5. Perlakuan Tak Wajar

4.1K 195 42
                                    

Azalia sudah berada di kampusnya sekarang. Setelah tadi dirinya menolak permintaan Arumi yang menyuruhnya berangkat bersama Zein. Azalia langsung berangkat dari rumah Arumi, tak sempat dia kembali ke rumah bude. Beruntungnya kemarin Azalia dibelikan baju oleh Ibu Arumi.

Gadis itu melangkah dengan pikiran berat. Zein membuatnya diliputi kebimbangan. Dia mengingat kembali apa yang terjadi tadi pagi.

"Mencintaimu?" Azalia bertanya penuh ironi. "Hatiku bukan milikku apalagi milikmu. Jangan merasa kau lebih bisa mengendalikannya. Hati ini sudah ada pemiliknya," ucap gadis itu sebelum akhirnya melangkah lagi.

Zein tertegun mendengar ucapan itu. Dia mengira jika Azalia sudah memiliki calon. Padahal yang Azalia maksud tadi adalah Allah lah pemilik hati itu.

Matahari perlahan naik. Setelah mandi dan salat subuh, Azalia keluar dari kamarnya. Gadis itu bingung harus apa, rumah besar ini tampak sepi. Dia berjalan menuju dapur dan mendapati seorang pembantu rumah tangga sedang menyapu lantai.

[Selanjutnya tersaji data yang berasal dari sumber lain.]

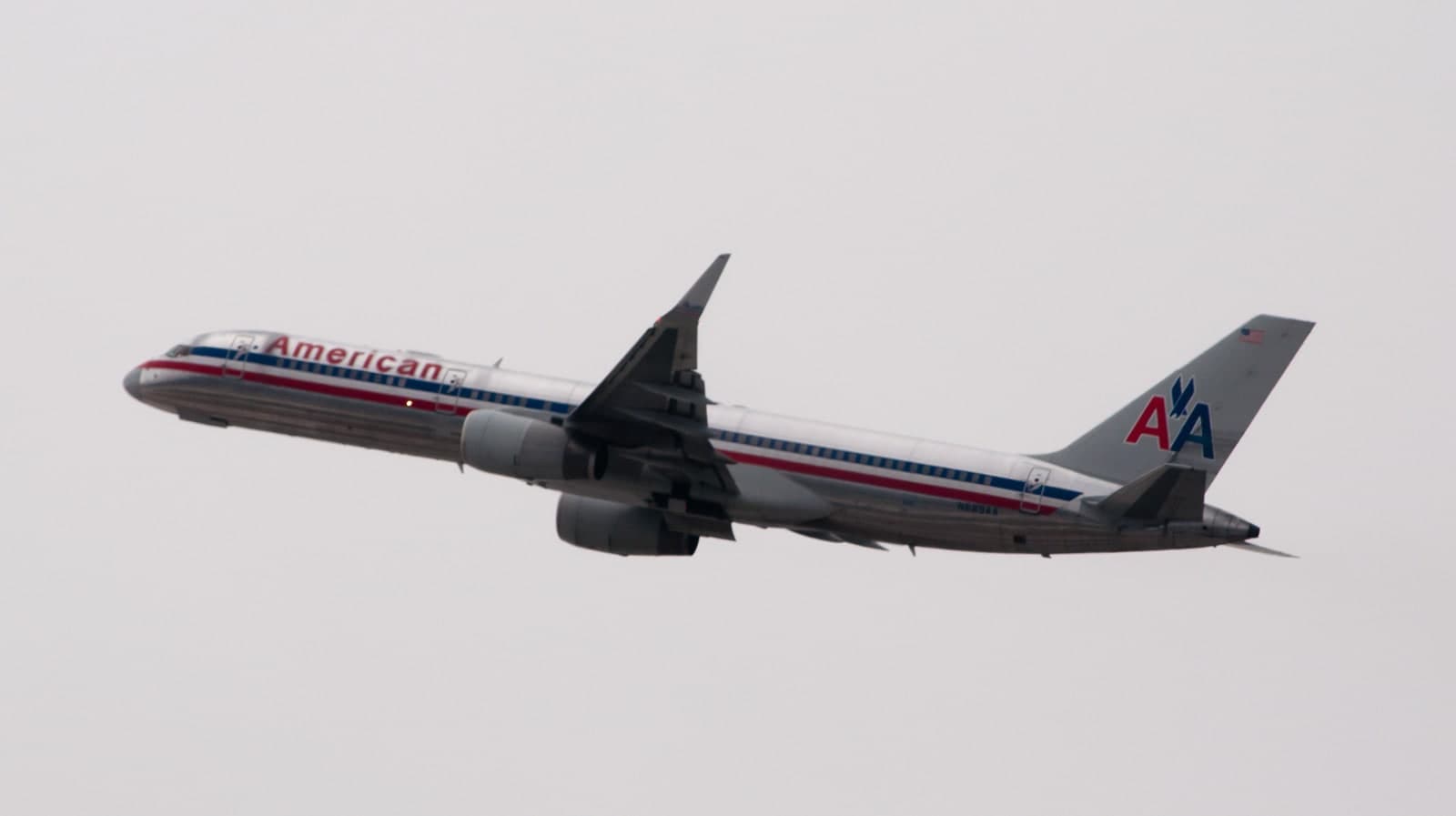 N689AA — Boeing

Azalia menghampirinya.

"Selamat pagi, Bi," sapanya.

"Pagi, Nona," jawabnya.

"Biar Lia bantu, Bi."

Azalia sudah hendak meraih sapu di tangan bibi. Pekerjaan yang bisa dia lakukan sekarang hanya itu, sebab semalam dia sudah mencuci piring bekas mereka makan. Padahal Arumi sudah melarangnya, tapi gadis itu tetap bersikeras.

"Tidak usah, Non." Bibi melarang Azalia meraih sapunya.

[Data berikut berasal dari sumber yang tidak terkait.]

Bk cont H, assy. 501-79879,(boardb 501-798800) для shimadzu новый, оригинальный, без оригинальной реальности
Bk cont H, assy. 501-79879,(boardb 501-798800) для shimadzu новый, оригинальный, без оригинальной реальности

"Panggil Lia aja, Bi," pinta Azalia.

"Iya, deh, Nona Lia."

"Lia aja, Bi..., gak perlu pakai Nona," pinta gadis itu lebih jelas.

"Ya udah, Neng Lia aja kalau gitu," tawarnya.

Azalia tertawa geli, melihat respon bibi yang lucu baginya. "Ibu mana, Bi?"

"Itu di halaman belakang, Neng."

"Lia ke sana dulu ya, Bi."

"Iya, Neng."

Azalia melangkah dengan hati-hati menuju halaman belakang, yang semalam tampak begitu indah dari kamarnya. Dia dapat melihat Ibu Arumi yang sedang duduk dengan sebuah majalah di tangannya. Ada teh hangat dan roti di meja samping kursinya.

"Selamat pagi, Bu," sapa Azalia.

Arumi menghentikan sejenak kegiatannya untuk melihat Azalia. "Hei, pagi, Lia. Sudah cantik saja," puji Ibu Arumi setelah melihat Azalia.

Azalia tersenyum sopan. "Terima kasih, Bu."

"Sini, duduk dulu," suruh Arumi.

"Azalia ada kelas di kampus hari ini, Bu. Sepertinya Azalia langsung berangkat saja."

"Benarkah? Baiklah kalau begitu, sebentar Ibu panggilkan Zein biar antar kamu." Arumi sudah bangkit dari duduknya.

"Tidak perlu repot-repot, Bu. Azalia bisa berangkat sendiri, kok. Lagian kasihan, mungkin Kak Zein masih tidur sebab kelelahan," ucap Azalia beralasan.

"Gak mungkin Zein masih tidur, Sayang. Ibu tau dia selalu bangun pagi."

Azalia meneguk salivanya. Dia kehabisan ide untuk beralasan. Keadaan ini sungguh terasa sulit baginya. Mau tidak mau gadis itu harus menunggu Arumi kembali. Azalia tak bisa tenang selama menunggu mereka. Jari-jari tangannya bergerak gusar, kakinya pun tak bisa diam di tempatnya.

"Sudah siap?"

Suara yang tiba-tiba berada tepat di belakangnya itu membuat Azalia terkejut. Lebih terkejut lagi saat Azalia memutar tubuhnya, Zein tepat berada satu jengkal di depannya. Keningnya itu hampir saja menyentuh dahu hingga bibir Zein, kalau saja Azalia tak lekas mundur.